There is a good summary of the late night coverage (including Comedy Central and SNL) of DeLay in this morning’s Austin American-Statesman:


“Late-night TV comics have discovered the pugnacious ex-exterminator from Sugar Land and are helping to make DeLay into a household name — and not in a good way.”

Drip, drip, drip.
The downside for DeLay is tremendous:

“The potential for damage might be greater for DeLay because he remains relatively unknown outside of Texas and Washington. Forty-two percent of people polled April 1 and 2 had never heard of DeLay or knew so little about him they had no opinion of his performance, a CNN/USA Today/Gallup Poll found.

A significant number of voters, particularly those 18 to 29, rely on late-night comedy routines for much of their political news, according to a 2004 poll by the Pew Center for the People and the Press.

In addition, a study by Dannagal Goldthwaite Young, a doctoral student at the University of Pennsylvania’s Annenberg School for Communication, found that late-night monologues and skits most influence viewers who aren’t particularly knowledgeable about politics.”
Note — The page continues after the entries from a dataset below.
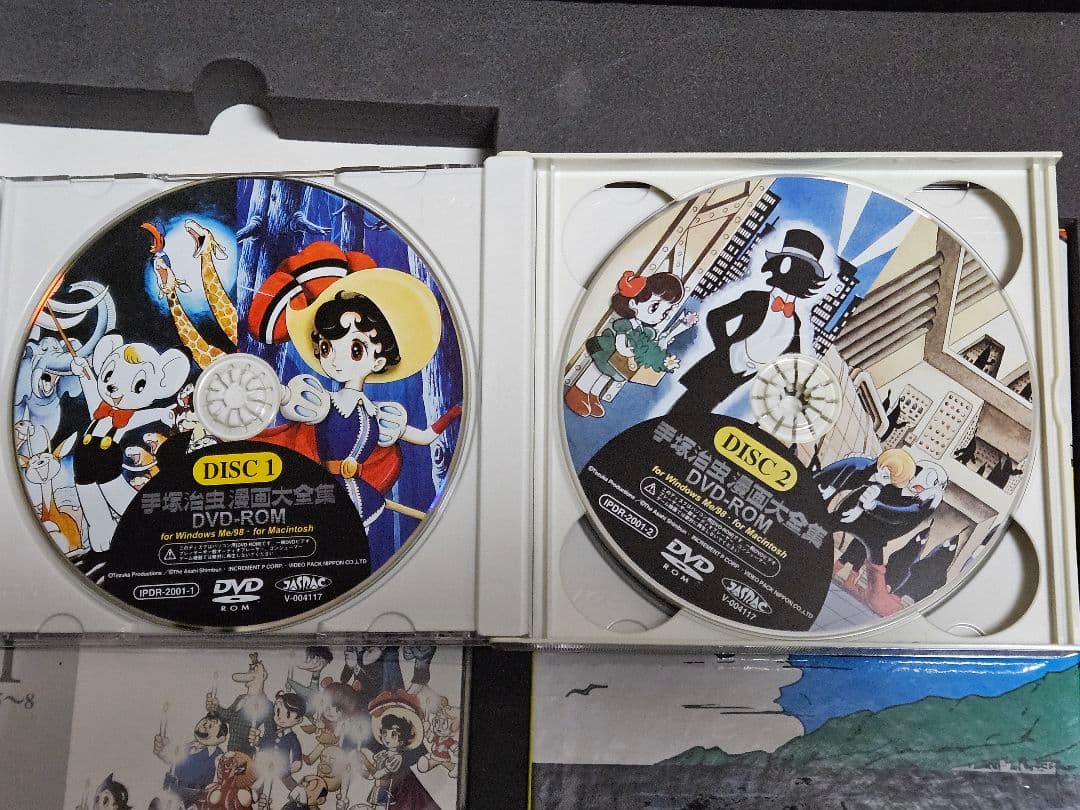 手塚治虫 漫画大全集 DVD-ROM - メルカリ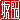 �f�R���G�����b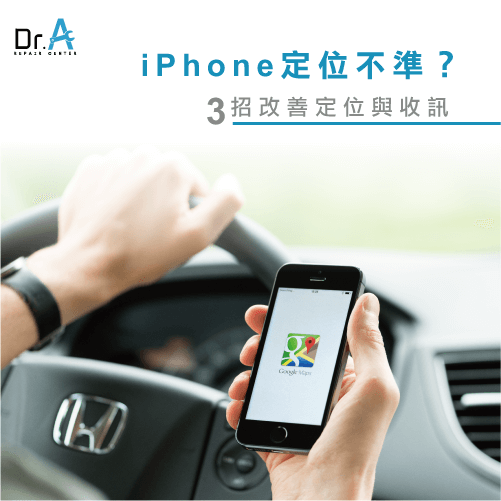 iPhone定位不準-iPhone GPS定位不準,iphone維修,iphone換電池,iphone維修中心,台中iphone維修,台中iphone備份,台中mac重灌,台中mac維修,台中蘋果維修,台中Apple維修中心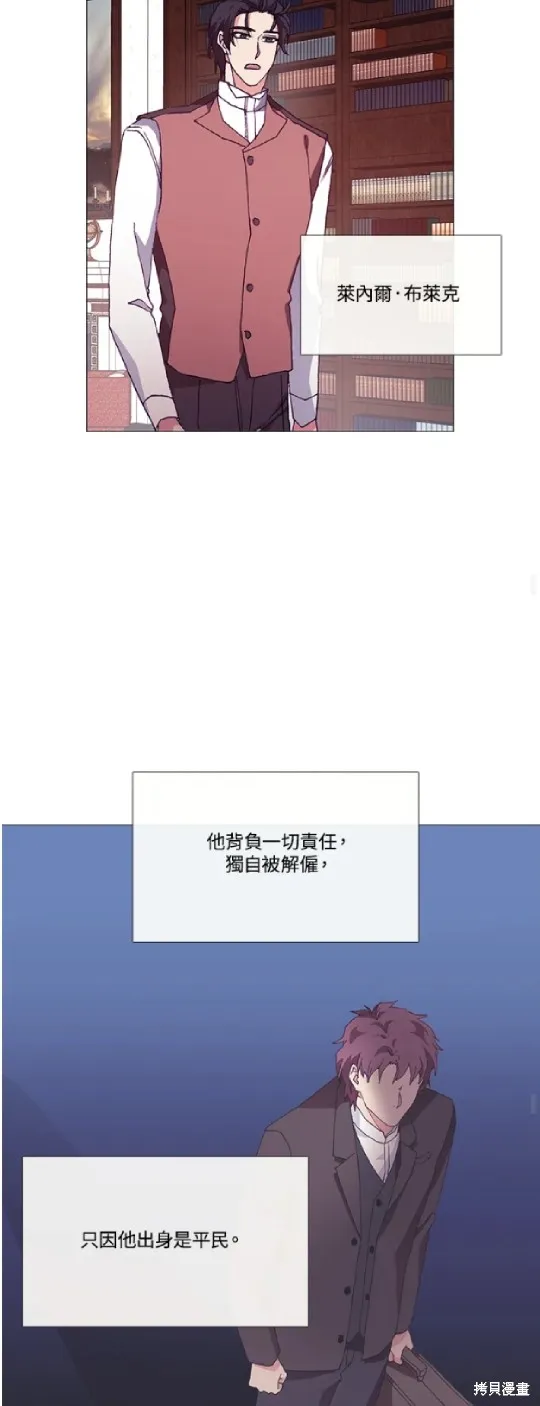 欢迎光临魔女图书馆,第64话,第32张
Young voters are crucial to us. They listen to Jon Stewart, and they are far less homophobic than their parents.

They may not understand the danger the deficit poses for them, but they do understand the danger of The Church Lady having more control of their lives.  Chastity belts are not popular with this crowd.  And they understand and loathe hypocrisy.

Talk to the youth.  I have found that my 17 year old son and I can communicate around Jon Stewart and SNL very well.